Another complicating factor is that many people forced to move by climate change initially will move within their own countries, as opposed to across borders. According to some analysts, “massive international flows of climate refugees are unlikely, except under generalized and persistent conflicts.” In other words, climate migration will remain largely local, unless climate-related conflicts occur, in which case the international migration response to climate change could grow. The modeling study that came to this conclusion supports an increasing agreement among scholars and experts that much climate-induced displacement will be contained within countries, and that internal displacement due to climate change will far outweigh external migration and national governments will be left to figure out domestic strategies for dealing with climate displacement. As the Biden administration’s climate migration report points out, climate migration can also be temporary, seasonal, circular, or permanent – in other words, there are temporal aspects to climate migration that should be considered, in addition to geographic aspects. 

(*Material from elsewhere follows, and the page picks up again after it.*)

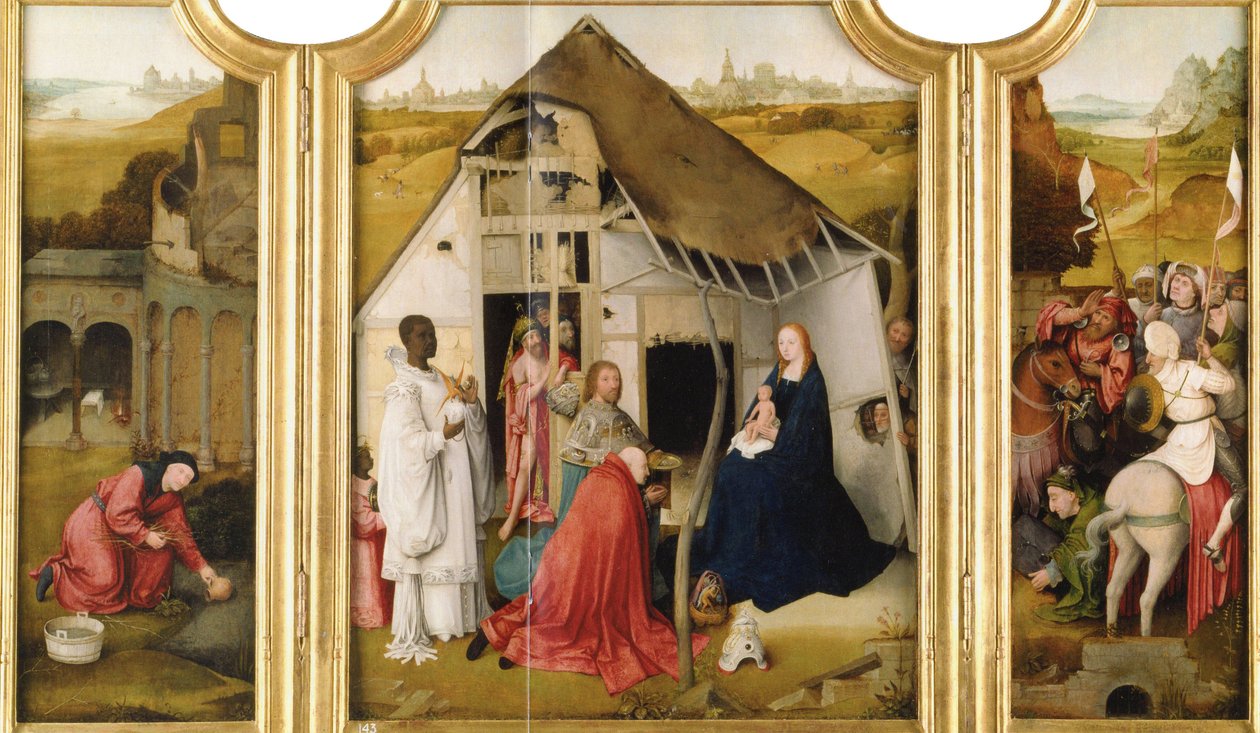 Adorazione dei Magi da Follower of Hieronymus Bosch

Wealthy countries and migrant-receiving countries will increasingly need to recognize the impact of climate on migration. The U.S. Strategy for Addressing the Root Causes of Migration in Central America, released by the Biden administration in July 2021, recognizes the impact that climate change has had on the Central American region and its migration dynamics, and aims to build resilience to address climate change and food insecurity and improve disaster preparedness. Despite the still-evolving terminology and definitions of climate migration, narrowly tailored strategies to address climate resiliency will be necessary in more and more countries.